実際の当事者本人たち4人も映画の冒頭から登場して事件を語るが、映画は、本人たちの映像よりも、博物画よりも、よりリアルで精密に、これらの生き物たちの体温や鼓動の変化までもをも写し取ろうとする。計画中の高揚感、どこか非現実的な感覚、実行日が近づくにつれて高まる緊張感と恐怖、実行後の罪悪感と不安、そのすべてが伝わってくる。
若さが生んだ悲劇を最高に効果的な形で語る
集団でお宝を盗もうとする“ハイスト”のジャンルは、ハリウッドの定番。しかし、今作はひと味もふた味も違う。映画は役者の演技で展開するが、途中何度か本人たちを登場させ、それぞれに当時を振り返ってもらうという、ドキュメンタリーを混ぜたスタイルが、まずユニーク。その手法は、さらなるリアルさと、語る人によって同じ出来事が違ってくる「羅生門」的ニュアンスを与える。盗難のシーンでは、ど素人らしい考えの浅さ、優柔不断さ、世間知らずさが強調され、スリルと悲劇的気分を高める。音楽の使い方も効果的ならキャストの演技も最高。最後まで強烈に引き込まれる優れた一作だ。
「浅はかさ」について真面目に考えよう!
近いものを挙げるなら『ブリングリング』か。04年の大学生4人組による珍犯罪が題材だが、完全に不謹慎動画などのSNS炎上の心理背景に通じ、やたらタイムリー。バカな若者ですね、というコメンテーターの切り捨て発言の向こう側を丹念に掘った映画とも言えるが、同情でも断罪でもなく解析に徹した視座が絶妙。

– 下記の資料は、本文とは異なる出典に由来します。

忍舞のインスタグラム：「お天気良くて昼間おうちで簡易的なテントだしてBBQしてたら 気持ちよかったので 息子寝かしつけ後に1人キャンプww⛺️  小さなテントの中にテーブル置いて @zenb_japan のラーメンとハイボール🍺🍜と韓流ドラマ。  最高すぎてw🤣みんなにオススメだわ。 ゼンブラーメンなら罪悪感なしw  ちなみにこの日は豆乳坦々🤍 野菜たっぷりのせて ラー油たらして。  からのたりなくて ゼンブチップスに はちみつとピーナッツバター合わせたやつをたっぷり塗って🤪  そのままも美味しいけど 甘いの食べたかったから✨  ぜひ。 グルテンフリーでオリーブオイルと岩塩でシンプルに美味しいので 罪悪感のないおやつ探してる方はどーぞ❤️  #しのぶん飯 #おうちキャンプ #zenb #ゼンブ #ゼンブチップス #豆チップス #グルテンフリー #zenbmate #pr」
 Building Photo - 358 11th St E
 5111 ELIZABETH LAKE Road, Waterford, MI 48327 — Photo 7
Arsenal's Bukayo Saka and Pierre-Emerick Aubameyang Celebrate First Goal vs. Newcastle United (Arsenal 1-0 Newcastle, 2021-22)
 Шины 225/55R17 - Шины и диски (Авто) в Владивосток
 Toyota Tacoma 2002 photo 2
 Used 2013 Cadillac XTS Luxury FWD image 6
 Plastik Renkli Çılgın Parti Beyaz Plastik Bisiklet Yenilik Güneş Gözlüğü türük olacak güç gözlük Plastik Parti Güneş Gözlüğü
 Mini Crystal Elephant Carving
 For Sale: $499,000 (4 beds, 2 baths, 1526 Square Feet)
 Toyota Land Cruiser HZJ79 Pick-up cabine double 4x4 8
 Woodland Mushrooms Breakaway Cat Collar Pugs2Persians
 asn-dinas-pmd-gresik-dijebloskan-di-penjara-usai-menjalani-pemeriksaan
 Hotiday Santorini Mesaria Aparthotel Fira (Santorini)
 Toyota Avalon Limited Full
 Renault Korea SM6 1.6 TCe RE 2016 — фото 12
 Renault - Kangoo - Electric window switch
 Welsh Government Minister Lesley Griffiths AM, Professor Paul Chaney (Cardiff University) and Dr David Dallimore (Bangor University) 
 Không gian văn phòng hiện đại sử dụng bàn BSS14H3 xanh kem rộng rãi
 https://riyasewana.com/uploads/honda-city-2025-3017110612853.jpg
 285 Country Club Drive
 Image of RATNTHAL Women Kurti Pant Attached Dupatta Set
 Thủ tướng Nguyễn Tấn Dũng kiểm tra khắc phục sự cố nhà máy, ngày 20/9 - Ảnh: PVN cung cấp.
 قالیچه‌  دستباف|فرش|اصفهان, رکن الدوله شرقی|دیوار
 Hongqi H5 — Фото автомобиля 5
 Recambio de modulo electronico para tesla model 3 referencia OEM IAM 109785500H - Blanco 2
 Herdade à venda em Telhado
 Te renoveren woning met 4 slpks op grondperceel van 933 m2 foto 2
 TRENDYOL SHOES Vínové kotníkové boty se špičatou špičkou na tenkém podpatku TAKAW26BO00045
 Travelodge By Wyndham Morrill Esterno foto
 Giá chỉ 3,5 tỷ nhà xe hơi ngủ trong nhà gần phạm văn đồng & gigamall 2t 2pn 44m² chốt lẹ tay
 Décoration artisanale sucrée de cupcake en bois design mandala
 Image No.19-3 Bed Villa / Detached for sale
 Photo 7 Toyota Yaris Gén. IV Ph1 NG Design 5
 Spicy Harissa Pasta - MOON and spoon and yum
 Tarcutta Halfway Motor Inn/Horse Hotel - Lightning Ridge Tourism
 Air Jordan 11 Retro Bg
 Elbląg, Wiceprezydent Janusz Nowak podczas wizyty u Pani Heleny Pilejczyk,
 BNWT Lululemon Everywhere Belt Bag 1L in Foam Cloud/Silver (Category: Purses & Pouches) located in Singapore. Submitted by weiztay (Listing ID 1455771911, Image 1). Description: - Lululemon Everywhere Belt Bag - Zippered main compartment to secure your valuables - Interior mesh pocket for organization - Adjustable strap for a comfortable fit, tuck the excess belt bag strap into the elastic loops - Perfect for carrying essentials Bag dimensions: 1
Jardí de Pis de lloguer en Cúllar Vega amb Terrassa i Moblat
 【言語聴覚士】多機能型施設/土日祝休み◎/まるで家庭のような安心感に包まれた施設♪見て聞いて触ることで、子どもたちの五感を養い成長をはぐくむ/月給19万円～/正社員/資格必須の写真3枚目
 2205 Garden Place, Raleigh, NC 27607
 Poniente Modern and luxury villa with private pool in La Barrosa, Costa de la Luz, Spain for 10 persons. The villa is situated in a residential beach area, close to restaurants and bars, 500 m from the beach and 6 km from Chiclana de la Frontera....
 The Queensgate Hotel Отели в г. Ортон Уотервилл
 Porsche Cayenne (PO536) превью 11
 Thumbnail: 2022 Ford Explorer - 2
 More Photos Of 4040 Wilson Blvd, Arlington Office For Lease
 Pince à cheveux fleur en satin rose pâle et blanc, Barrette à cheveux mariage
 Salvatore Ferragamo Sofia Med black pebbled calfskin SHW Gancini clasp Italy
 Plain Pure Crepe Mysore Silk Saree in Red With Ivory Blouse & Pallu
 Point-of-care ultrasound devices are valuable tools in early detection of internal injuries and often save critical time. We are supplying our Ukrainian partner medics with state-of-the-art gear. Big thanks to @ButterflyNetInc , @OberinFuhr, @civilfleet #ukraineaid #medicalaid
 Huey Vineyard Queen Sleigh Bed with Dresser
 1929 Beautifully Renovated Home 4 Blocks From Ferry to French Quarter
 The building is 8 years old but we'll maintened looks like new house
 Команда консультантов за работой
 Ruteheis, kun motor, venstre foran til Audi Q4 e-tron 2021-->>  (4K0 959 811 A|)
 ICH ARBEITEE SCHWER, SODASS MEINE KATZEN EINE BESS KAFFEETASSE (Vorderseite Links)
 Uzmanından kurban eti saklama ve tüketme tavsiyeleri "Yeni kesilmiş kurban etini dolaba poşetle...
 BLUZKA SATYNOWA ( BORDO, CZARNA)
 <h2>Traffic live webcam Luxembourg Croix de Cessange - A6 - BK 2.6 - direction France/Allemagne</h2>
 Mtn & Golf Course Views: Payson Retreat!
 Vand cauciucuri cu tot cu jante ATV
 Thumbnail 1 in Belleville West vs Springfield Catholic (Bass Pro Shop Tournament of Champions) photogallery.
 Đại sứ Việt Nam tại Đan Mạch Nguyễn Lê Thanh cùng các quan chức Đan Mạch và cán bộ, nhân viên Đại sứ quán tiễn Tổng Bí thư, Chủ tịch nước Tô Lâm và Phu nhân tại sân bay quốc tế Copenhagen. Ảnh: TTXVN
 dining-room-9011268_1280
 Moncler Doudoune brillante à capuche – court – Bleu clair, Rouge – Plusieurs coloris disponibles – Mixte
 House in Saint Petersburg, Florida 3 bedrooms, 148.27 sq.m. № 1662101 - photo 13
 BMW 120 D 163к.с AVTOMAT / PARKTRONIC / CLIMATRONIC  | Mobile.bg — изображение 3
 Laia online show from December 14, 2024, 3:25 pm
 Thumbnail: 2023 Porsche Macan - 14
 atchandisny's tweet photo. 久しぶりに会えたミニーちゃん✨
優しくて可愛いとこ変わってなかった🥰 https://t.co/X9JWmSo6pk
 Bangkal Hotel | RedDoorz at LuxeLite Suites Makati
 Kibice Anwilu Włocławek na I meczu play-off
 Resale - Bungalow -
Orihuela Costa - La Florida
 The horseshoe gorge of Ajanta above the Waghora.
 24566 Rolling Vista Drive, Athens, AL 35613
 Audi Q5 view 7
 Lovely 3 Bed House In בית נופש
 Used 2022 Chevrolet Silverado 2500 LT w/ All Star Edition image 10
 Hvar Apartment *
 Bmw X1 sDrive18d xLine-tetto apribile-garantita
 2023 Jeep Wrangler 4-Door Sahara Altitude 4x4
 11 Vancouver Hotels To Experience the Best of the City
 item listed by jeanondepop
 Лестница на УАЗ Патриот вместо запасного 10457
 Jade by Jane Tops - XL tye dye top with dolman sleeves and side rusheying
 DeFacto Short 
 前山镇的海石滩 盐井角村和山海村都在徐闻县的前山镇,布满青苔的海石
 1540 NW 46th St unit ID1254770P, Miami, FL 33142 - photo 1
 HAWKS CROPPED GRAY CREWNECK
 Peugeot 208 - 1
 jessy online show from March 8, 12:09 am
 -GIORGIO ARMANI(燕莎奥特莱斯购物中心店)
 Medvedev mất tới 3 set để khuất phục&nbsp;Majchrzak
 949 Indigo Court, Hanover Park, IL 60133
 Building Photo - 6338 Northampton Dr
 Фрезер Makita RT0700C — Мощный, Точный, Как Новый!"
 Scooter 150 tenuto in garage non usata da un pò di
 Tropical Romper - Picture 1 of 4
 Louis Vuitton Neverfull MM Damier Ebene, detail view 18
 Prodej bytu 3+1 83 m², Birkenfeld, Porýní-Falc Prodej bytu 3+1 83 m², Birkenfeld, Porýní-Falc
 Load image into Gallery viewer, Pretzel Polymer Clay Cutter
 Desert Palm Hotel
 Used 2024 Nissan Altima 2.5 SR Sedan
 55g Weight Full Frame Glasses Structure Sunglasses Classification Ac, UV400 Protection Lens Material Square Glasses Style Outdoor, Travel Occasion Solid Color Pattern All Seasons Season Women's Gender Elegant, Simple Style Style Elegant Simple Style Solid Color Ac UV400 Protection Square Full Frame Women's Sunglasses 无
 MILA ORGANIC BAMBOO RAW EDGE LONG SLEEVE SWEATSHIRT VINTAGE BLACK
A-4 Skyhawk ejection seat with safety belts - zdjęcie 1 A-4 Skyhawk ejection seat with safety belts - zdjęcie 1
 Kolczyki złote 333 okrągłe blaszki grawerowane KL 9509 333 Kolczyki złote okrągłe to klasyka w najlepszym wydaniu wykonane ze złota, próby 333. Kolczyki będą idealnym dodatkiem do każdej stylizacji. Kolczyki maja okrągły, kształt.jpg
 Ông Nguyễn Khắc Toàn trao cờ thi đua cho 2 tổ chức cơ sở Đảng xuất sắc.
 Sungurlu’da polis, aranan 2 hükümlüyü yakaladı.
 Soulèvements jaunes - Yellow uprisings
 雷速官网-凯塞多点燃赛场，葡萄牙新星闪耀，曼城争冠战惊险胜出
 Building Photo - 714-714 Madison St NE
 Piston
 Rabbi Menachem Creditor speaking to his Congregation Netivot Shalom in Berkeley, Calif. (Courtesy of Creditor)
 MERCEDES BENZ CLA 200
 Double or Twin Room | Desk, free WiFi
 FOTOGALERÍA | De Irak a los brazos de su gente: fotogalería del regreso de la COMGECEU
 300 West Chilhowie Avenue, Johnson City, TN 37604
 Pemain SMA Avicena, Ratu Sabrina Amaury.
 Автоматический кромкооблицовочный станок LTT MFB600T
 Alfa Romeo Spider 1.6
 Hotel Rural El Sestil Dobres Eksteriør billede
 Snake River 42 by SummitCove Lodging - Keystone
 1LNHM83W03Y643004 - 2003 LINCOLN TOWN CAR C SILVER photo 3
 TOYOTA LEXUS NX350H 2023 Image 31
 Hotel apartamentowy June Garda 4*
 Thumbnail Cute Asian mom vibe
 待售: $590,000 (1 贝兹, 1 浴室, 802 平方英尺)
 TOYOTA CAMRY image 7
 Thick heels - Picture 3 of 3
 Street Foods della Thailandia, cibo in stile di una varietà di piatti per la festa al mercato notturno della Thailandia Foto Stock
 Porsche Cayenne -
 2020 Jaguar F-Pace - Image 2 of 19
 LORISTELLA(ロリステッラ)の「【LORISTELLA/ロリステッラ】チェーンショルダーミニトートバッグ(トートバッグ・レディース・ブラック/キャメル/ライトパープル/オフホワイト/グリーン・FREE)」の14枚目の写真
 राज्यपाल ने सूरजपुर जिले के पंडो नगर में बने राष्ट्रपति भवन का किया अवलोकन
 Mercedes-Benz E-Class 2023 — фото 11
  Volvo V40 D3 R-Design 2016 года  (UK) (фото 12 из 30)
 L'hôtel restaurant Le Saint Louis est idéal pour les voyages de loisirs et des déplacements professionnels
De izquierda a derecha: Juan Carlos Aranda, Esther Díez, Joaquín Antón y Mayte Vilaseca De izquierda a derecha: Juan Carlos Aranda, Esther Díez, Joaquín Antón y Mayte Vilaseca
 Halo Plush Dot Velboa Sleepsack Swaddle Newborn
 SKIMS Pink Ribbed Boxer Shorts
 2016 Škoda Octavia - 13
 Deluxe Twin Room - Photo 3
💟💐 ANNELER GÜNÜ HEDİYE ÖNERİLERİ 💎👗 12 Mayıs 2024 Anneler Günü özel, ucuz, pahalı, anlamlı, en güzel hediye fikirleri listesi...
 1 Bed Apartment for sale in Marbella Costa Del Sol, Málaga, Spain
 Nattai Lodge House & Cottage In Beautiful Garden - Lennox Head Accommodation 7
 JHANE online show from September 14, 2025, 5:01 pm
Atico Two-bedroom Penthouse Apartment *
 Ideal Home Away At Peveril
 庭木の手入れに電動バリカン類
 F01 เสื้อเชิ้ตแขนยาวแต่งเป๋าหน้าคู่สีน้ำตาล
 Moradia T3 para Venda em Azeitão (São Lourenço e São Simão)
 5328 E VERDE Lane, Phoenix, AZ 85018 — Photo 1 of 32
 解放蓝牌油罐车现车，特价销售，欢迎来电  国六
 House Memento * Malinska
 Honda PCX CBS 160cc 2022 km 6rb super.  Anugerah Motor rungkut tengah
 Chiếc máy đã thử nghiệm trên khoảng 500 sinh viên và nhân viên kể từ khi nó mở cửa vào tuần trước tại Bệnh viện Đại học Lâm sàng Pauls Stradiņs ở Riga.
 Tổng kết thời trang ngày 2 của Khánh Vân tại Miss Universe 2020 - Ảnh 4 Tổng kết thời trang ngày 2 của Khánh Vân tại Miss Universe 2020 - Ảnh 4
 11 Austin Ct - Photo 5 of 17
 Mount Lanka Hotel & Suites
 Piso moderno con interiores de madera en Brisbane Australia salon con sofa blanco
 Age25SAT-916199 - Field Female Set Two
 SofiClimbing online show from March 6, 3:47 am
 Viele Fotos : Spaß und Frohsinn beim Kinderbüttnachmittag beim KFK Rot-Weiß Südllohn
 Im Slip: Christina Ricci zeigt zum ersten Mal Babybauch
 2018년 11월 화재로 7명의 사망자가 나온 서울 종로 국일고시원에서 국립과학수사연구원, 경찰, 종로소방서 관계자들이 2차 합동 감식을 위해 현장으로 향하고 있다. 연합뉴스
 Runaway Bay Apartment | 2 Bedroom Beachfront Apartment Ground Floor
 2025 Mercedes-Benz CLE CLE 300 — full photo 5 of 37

なんと事件の当事者たちも登場。「本物」の顔は実に雄弁で、特にウォーレンの出オチ感が凄い。強盗計画の参照先となる『レザボア・ドッグス』等のギャング映画を矮小化した例でもあり、フィクションの現在についても考えさせられる。ダーウィン『種の起源』より引いたタイトルはオーデュボン『アメリカの鳥類』からの連想かな。